Neulich ging es in einem virtuellen Hauskreis ums »Wachsen in der Nachfolge«. Das Thema war nicht allen gleich sympathisch, weil es sich um etwas handelt, das einerseits von der Sprache her so typisch christlich klingt. Andererseits aber auch so schwierig abgrenzbar ist von anders motivierter verantworter Lebensgestaltung. Ob jemand nun als Humanist oder als Christ anständig zu leben sich bemüht, ist oft von außen gesehen ununterscheidbar. – So zumindest eine Position.
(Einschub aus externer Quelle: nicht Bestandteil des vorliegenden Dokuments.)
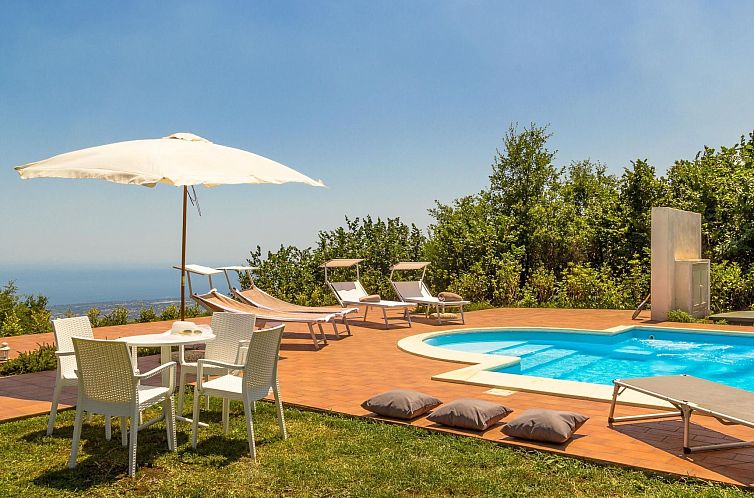 Vakantiehuis Villa Le Vignoble in Montargano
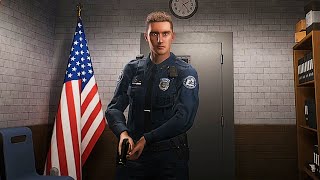 I BECAME A POLICE OFFICER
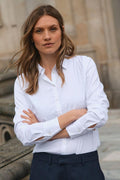 Martina Skjorta | Vit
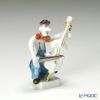 マイセン（Meissen） マイセン人形 901300／60657 クラウン コントラバス 7cm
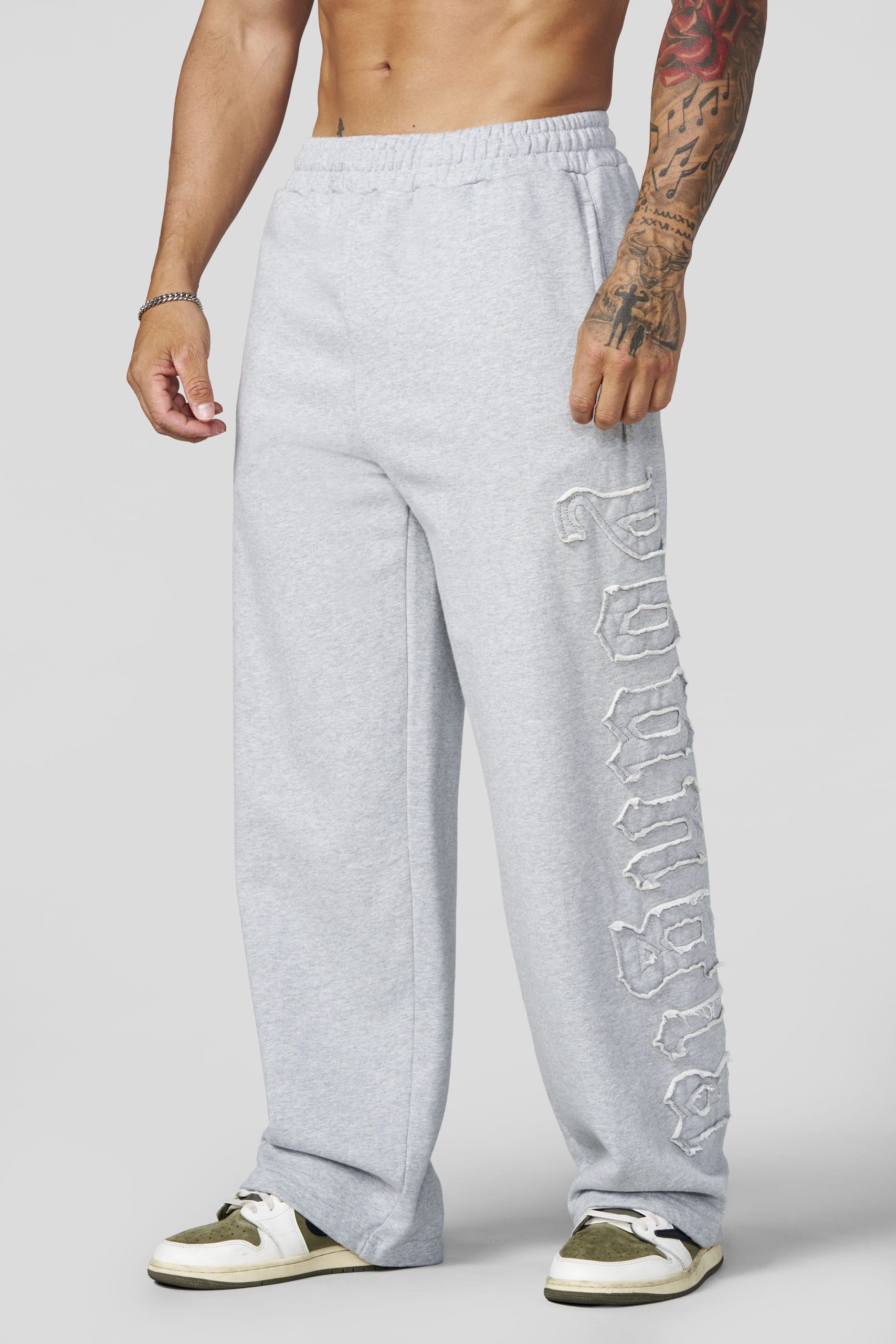 2093 - Patchwork Sweats - Image 4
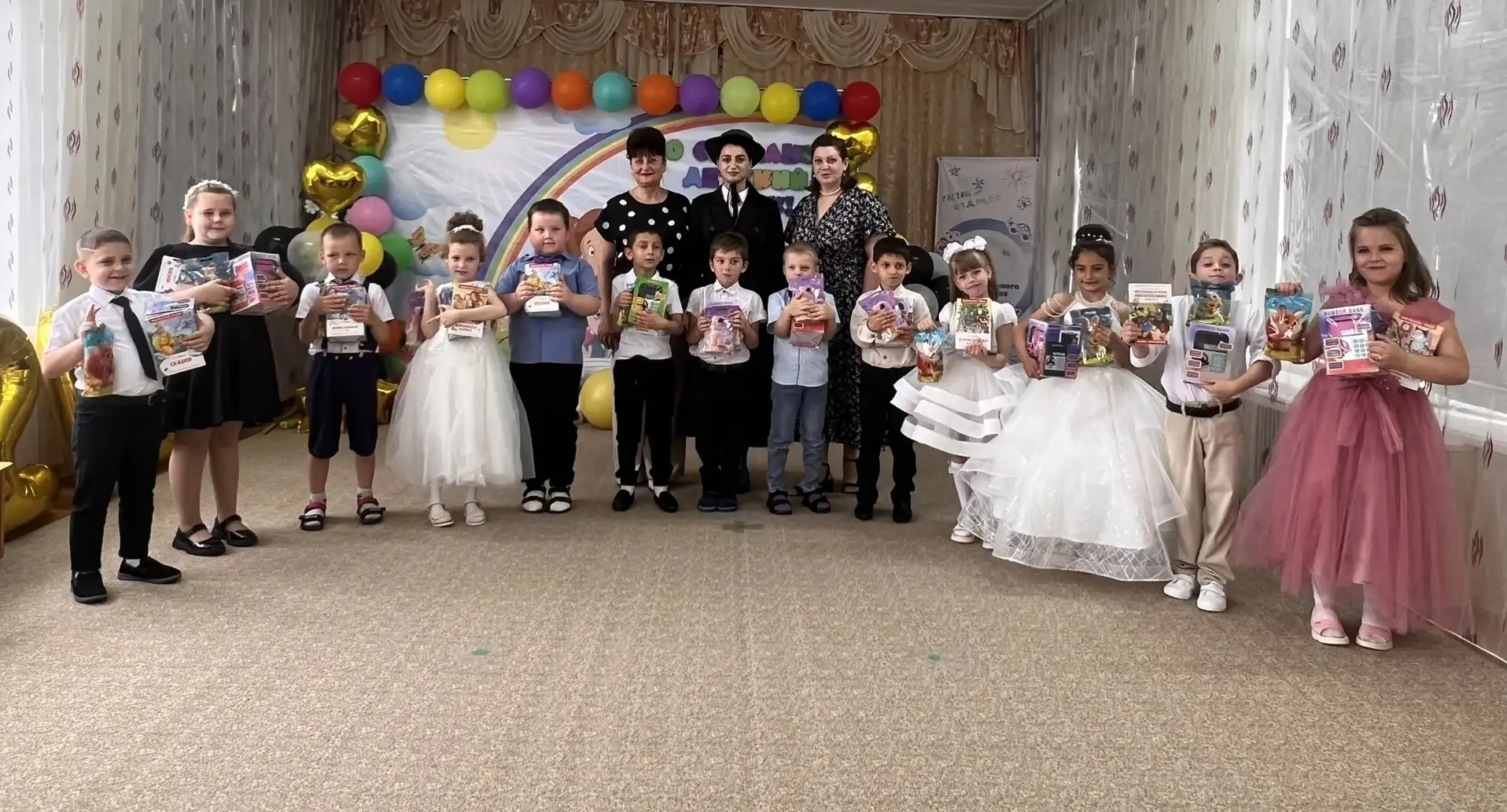 Выпускной бал 2026✨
Braucht es also nicht nur Anstand? Und warum dann mit frommem Mäntelchen? Auch die von mir an den Start gebrachten geistlichen Übungen, etwa das Gebet, das Meditieren oder Fasten, wurden als ununterscheidbar von anders motivierten religiösen Formen, etwa einem jüdischen oder muslimischen Gebet gekennzeichnet.
Was aber macht christliche Nachfolge so speziell? Was macht sie aus?
Bei allem Interesse an Transsubjektivität und Antworten, die nachvollziehbar sind, möglichst für alle, beginne ich hier einmal mit meiner Antwort.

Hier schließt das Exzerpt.